*Work request*. Could you copy exactly the lines from the start of the records through the one containing "PBOC is expected", both included, and leave out the pictures?
------------------------------------------------
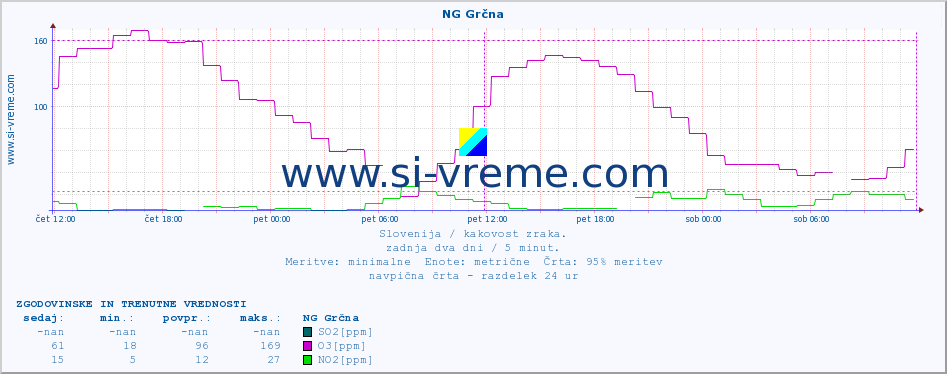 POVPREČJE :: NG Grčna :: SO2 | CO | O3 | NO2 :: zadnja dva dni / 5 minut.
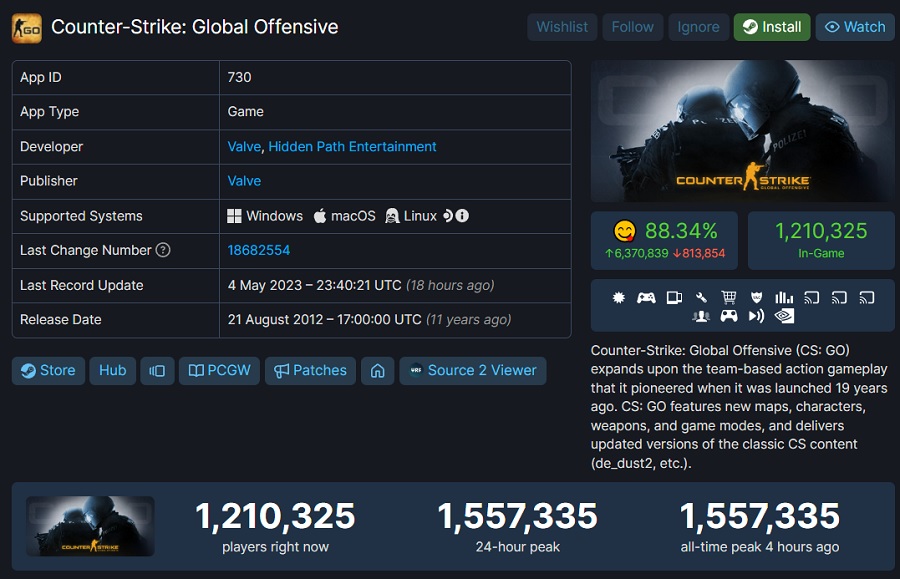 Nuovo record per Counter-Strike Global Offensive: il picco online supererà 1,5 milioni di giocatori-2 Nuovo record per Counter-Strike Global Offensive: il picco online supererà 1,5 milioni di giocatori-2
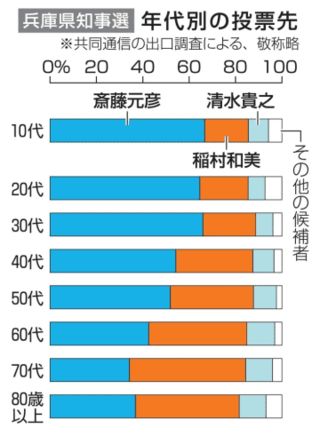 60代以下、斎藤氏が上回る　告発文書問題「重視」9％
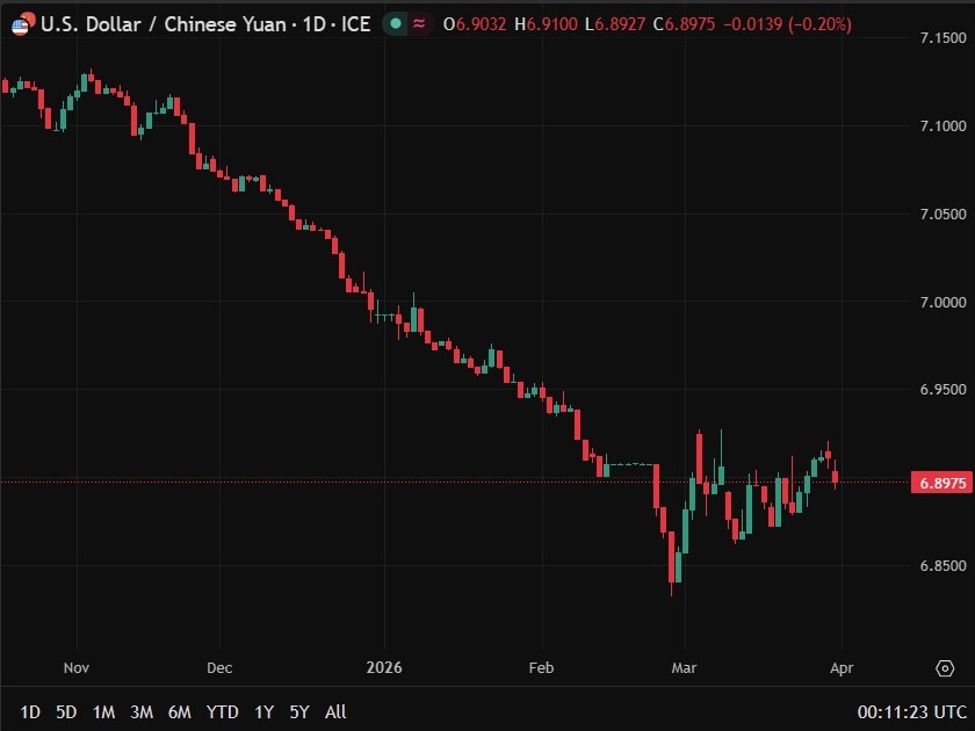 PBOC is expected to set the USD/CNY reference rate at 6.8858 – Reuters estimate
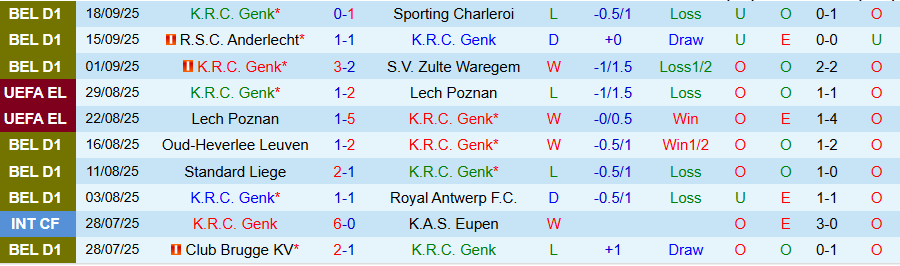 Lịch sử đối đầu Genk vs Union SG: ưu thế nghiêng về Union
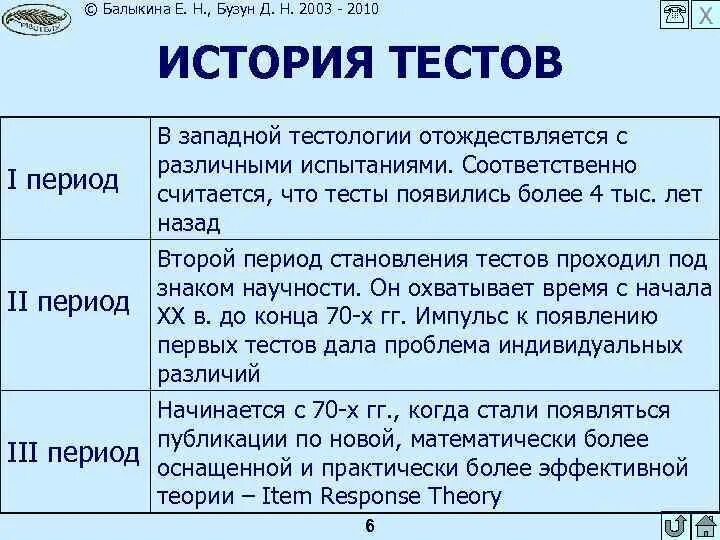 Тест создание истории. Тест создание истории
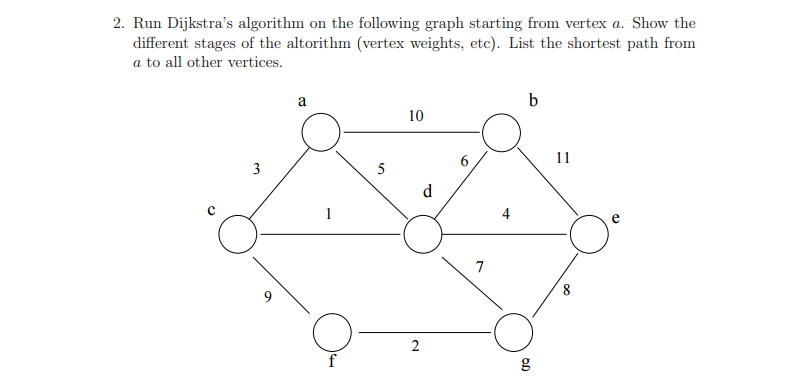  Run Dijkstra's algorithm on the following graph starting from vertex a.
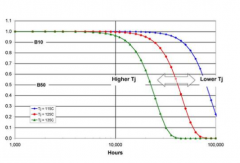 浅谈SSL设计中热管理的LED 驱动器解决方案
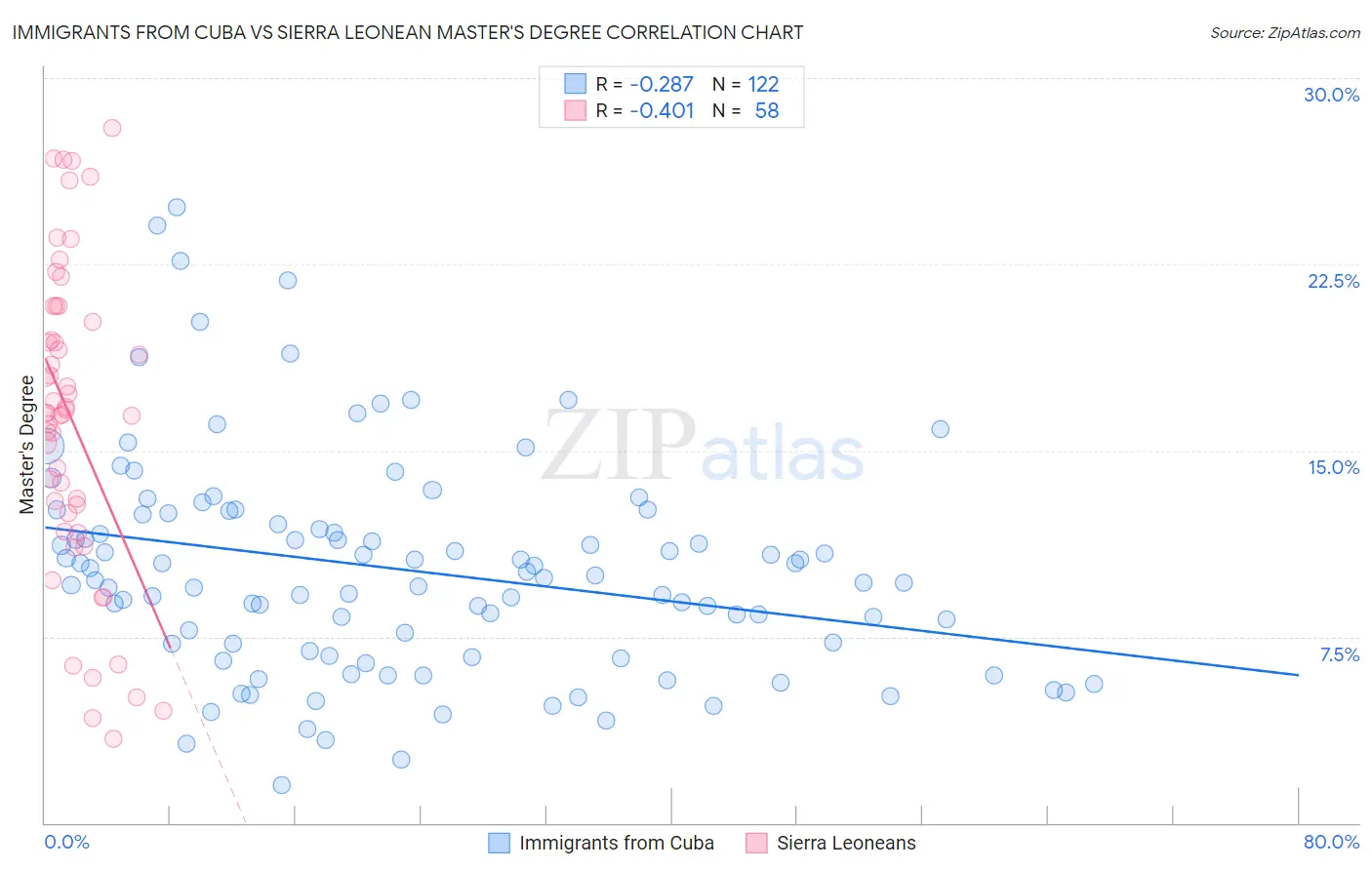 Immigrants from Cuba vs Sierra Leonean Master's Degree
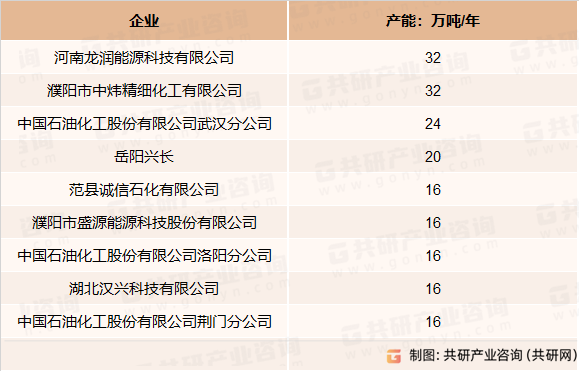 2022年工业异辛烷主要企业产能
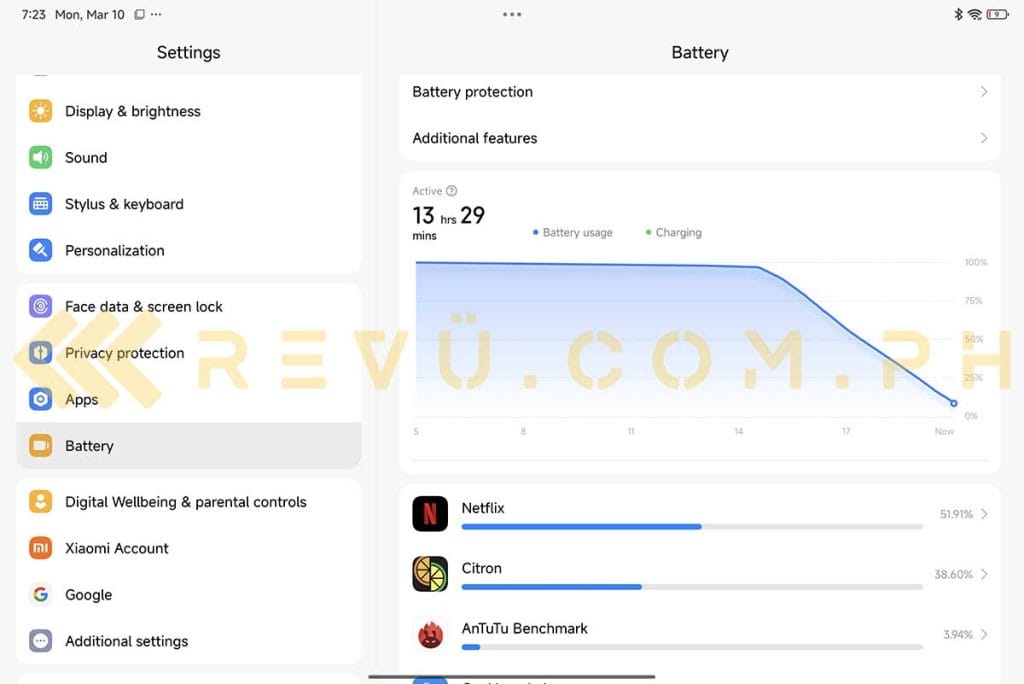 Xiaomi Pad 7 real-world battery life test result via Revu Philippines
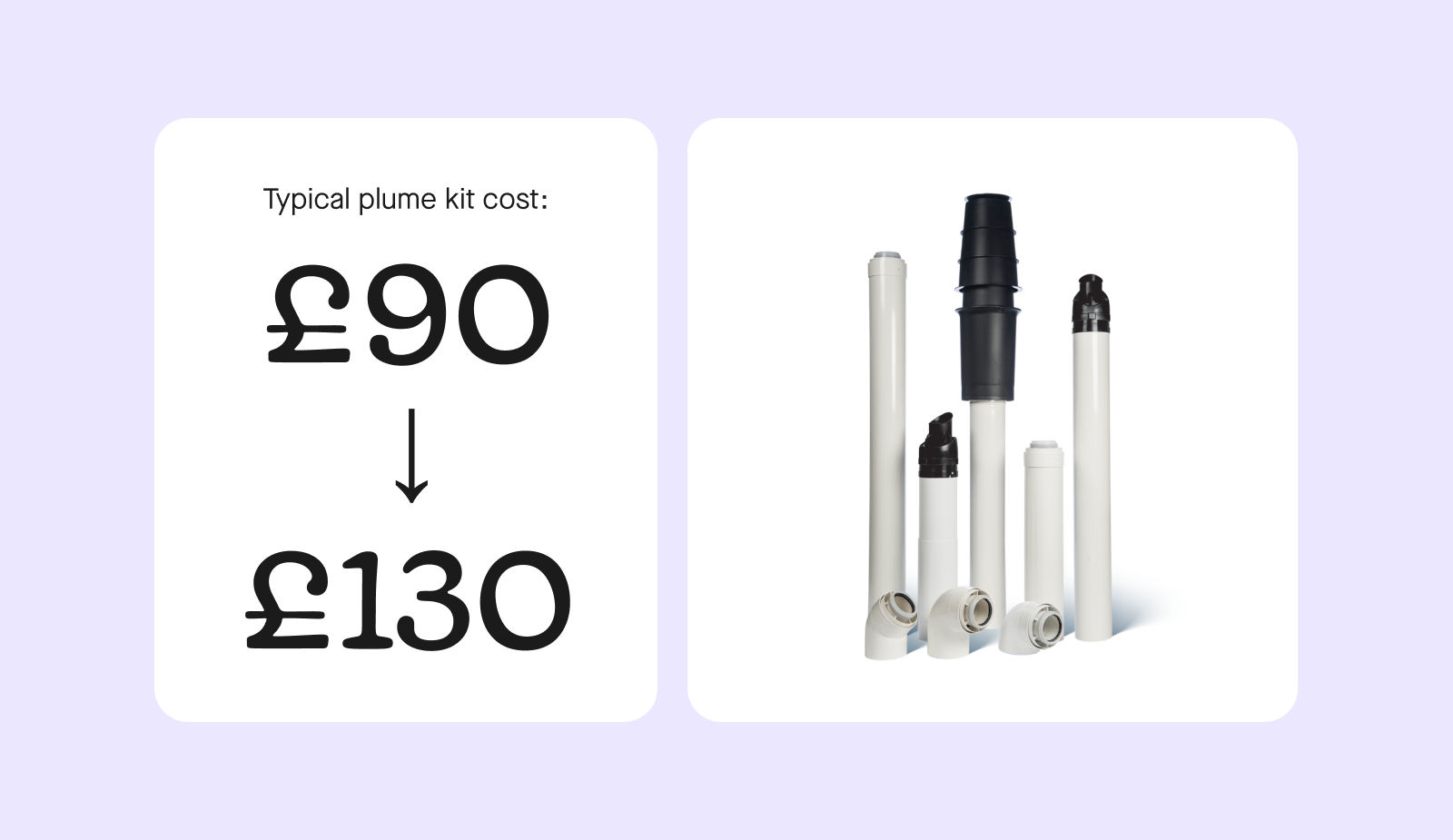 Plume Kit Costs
------------------------------------------------
*Final answer*.
 POVPREČJE :: NG Grčna :: SO2 | CO | O3 | NO2 :: zadnja dva dni / 5 minut.
 Nuovo record per Counter-Strike Global Offensive: il picco online supererà 1,5 milioni di giocatori-2 Nuovo record per Counter-Strike Global Offensive: il picco online supererà 1,5 milioni di giocatori-2
 60代以下、斎藤氏が上回る　告発文書問題「重視」9％
 PBOC is expected to set the USD/CNY reference rate at 6.8858 – Reuters estimate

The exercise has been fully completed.